> _REQUIRED ACTION_
Count how many lines of the material hold "Base". Respond with that number alone.

> _PROVIDED RECORDS_
◇ ◇ ◇
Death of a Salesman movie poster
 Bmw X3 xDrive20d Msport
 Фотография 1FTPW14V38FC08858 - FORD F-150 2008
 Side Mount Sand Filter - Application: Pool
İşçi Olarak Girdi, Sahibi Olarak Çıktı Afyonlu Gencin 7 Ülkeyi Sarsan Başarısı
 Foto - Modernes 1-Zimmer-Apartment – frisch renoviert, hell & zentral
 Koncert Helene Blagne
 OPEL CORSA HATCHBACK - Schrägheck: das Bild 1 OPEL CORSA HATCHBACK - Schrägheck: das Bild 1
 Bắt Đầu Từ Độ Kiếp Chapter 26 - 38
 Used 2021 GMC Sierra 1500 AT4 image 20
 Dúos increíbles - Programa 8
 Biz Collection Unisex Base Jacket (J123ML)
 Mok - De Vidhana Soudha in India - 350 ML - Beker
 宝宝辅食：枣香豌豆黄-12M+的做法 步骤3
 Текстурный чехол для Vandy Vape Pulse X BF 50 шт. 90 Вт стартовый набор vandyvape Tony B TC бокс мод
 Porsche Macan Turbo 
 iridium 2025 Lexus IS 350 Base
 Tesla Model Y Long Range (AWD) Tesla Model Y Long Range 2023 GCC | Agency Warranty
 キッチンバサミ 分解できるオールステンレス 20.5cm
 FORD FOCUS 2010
◇ ◇ ◇
> _SOLUTION TO THIS EXERCISE_
2